Scraped caption text data:
====================
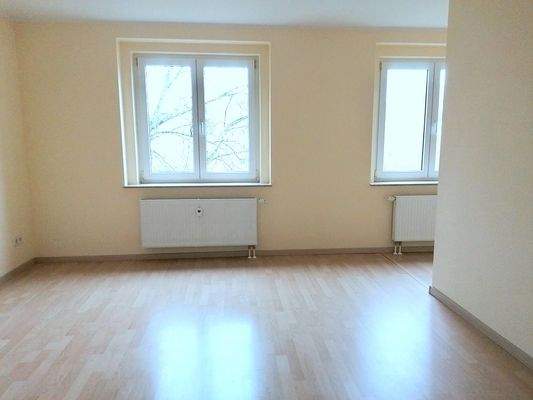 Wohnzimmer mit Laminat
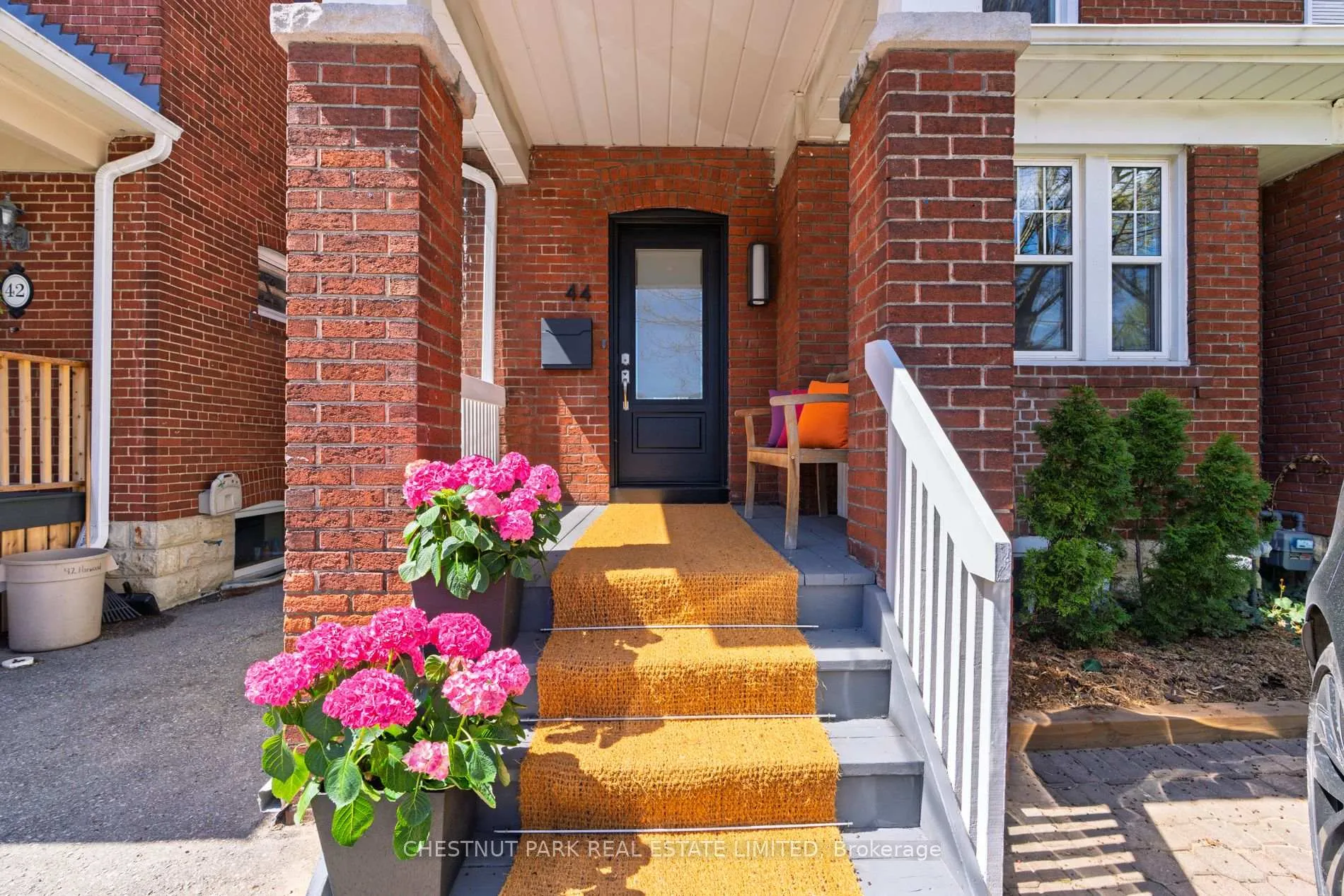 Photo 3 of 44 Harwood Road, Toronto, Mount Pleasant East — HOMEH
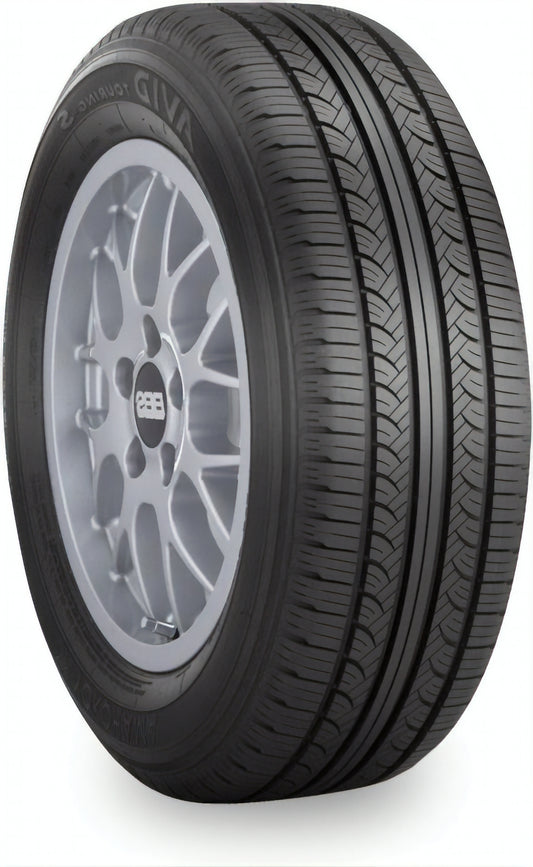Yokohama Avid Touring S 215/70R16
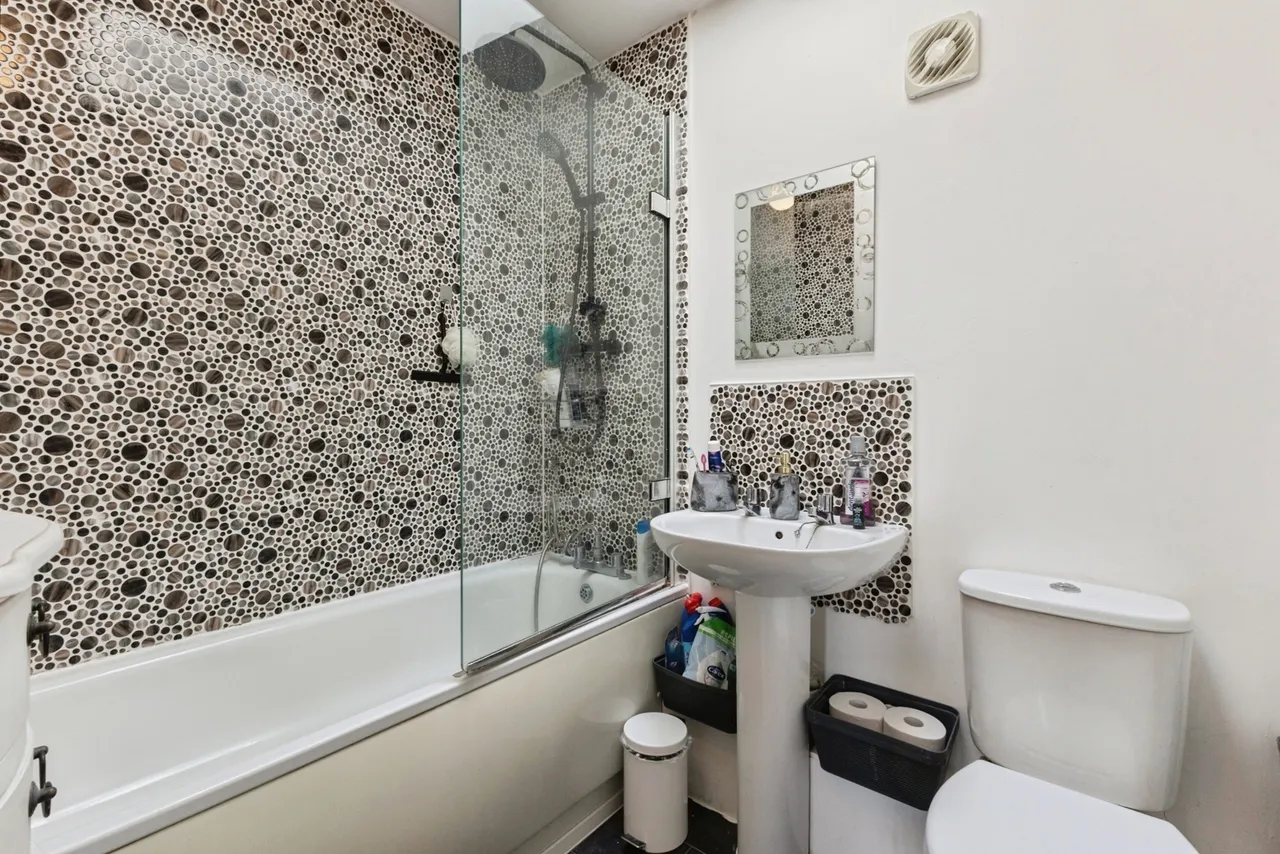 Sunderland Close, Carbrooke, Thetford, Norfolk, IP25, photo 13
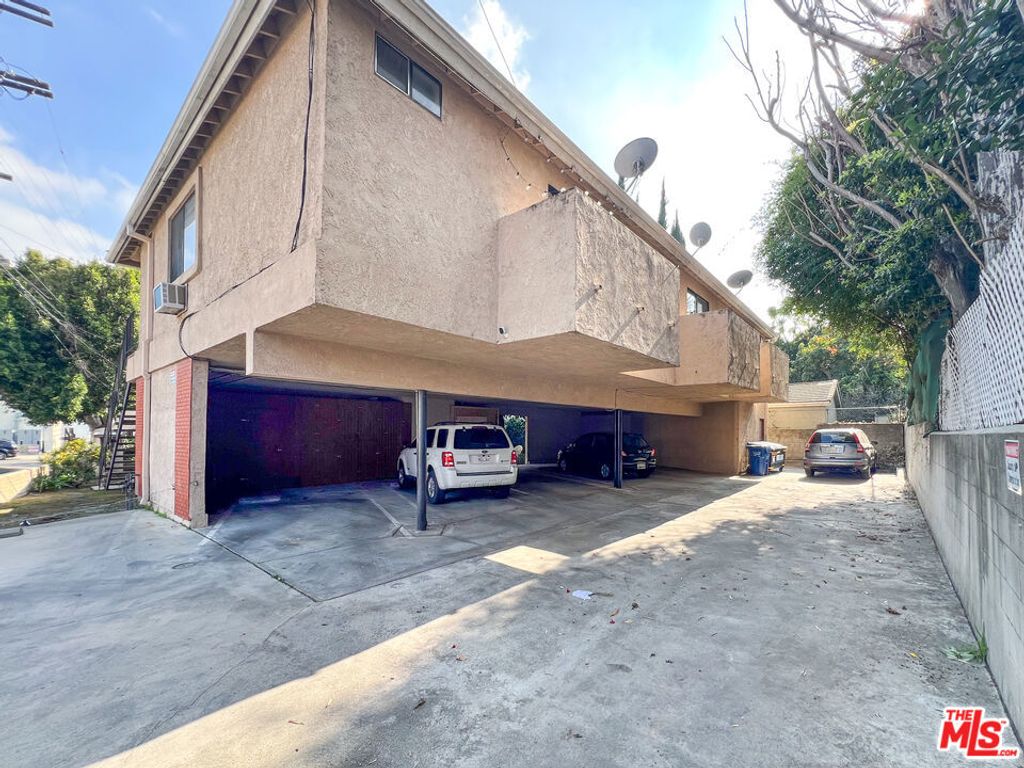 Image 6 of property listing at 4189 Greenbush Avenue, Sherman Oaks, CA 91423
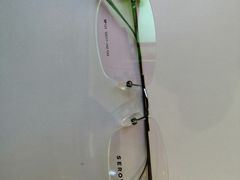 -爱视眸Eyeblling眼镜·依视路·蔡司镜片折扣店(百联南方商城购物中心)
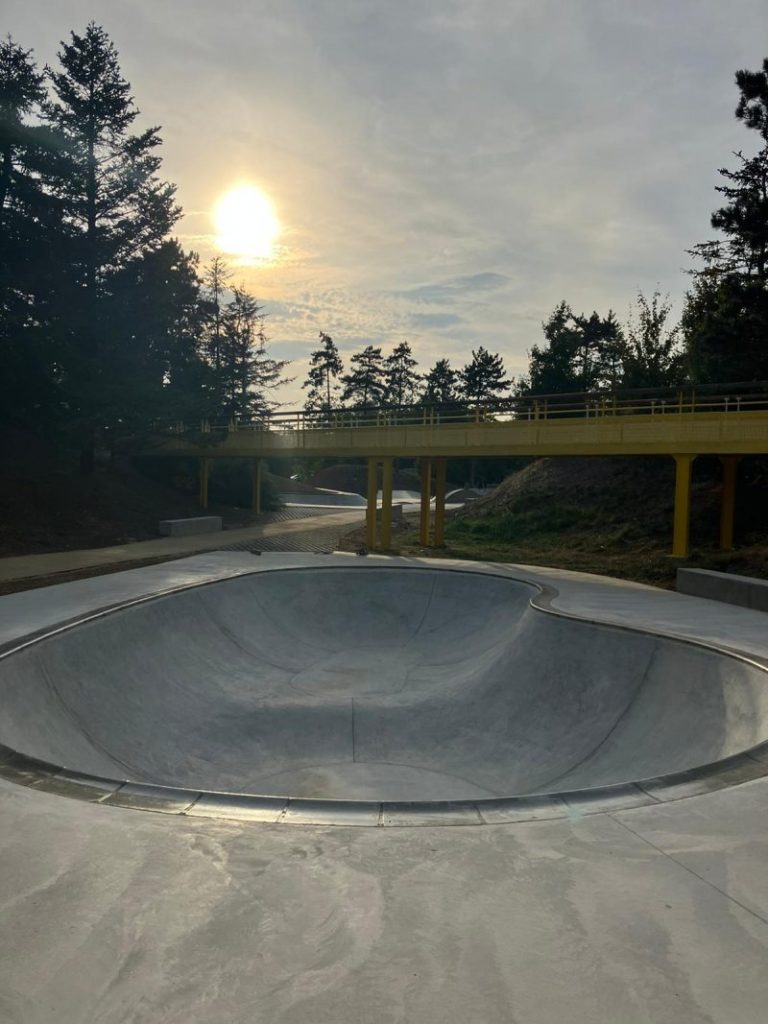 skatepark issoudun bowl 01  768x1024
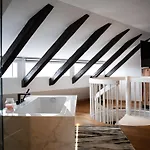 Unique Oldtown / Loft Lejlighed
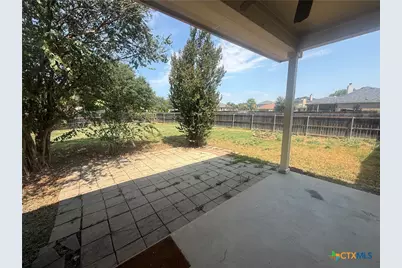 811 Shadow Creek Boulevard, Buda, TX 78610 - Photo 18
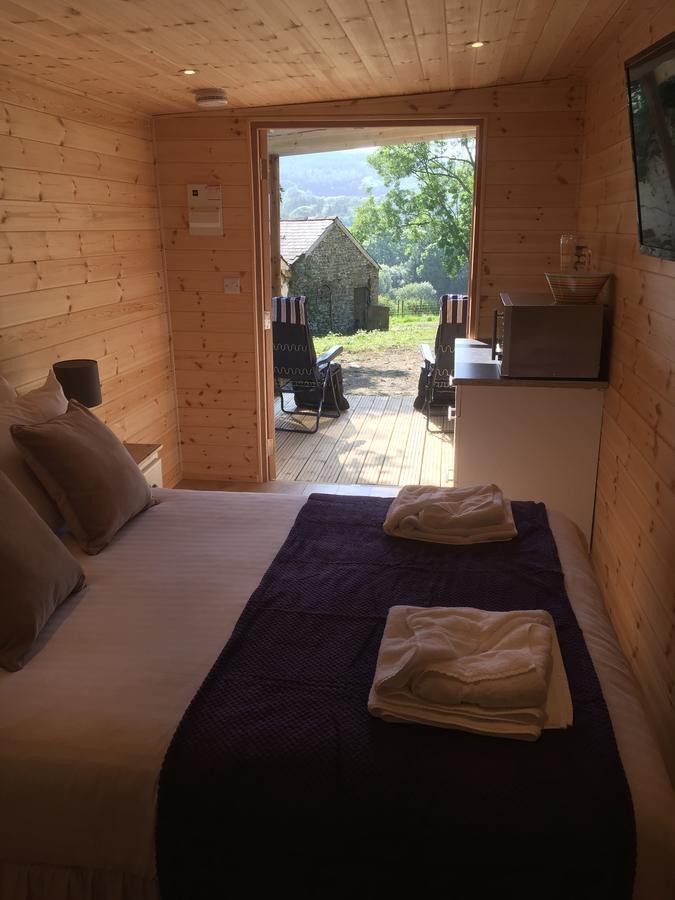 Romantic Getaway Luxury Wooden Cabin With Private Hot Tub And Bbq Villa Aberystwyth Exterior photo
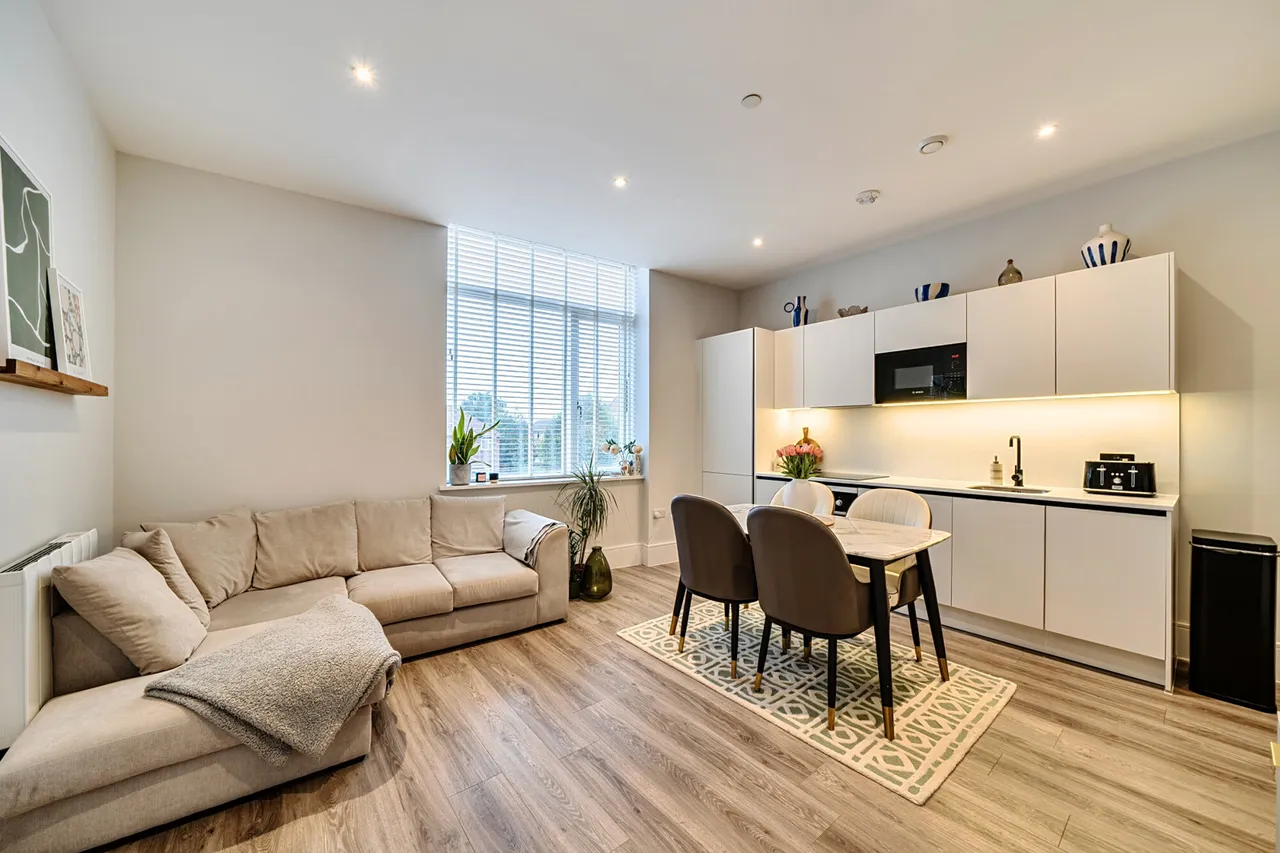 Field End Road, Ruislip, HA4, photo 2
====================
- _TASK TO CARRY OUT_
A word-for-word copy of all the data is required, minus the pictures.

- _RESULT BELOW_
 Wohnzimmer mit Laminat
 Photo 3 of 44 Harwood Road, Toronto, Mount Pleasant East — HOMEH
Yokohama Avid Touring S 215/70R16
 Sunderland Close, Carbrooke, Thetford, Norfolk, IP25, photo 13
 Image 6 of property listing at 4189 Greenbush Avenue, Sherman Oaks, CA 91423
 -爱视眸Eyeblling眼镜·依视路·蔡司镜片折扣店(百联南方商城购物中心)
 skatepark issoudun bowl 01  768x1024
 Unique Oldtown / Loft Lejlighed
 811 Shadow Creek Boulevard, Buda, TX 78610 - Photo 18
 Romantic Getaway Luxury Wooden Cabin With Private Hot Tub And Bbq Villa Aberystwyth Exterior photo
 Field End Road, Ruislip, HA4, photo 2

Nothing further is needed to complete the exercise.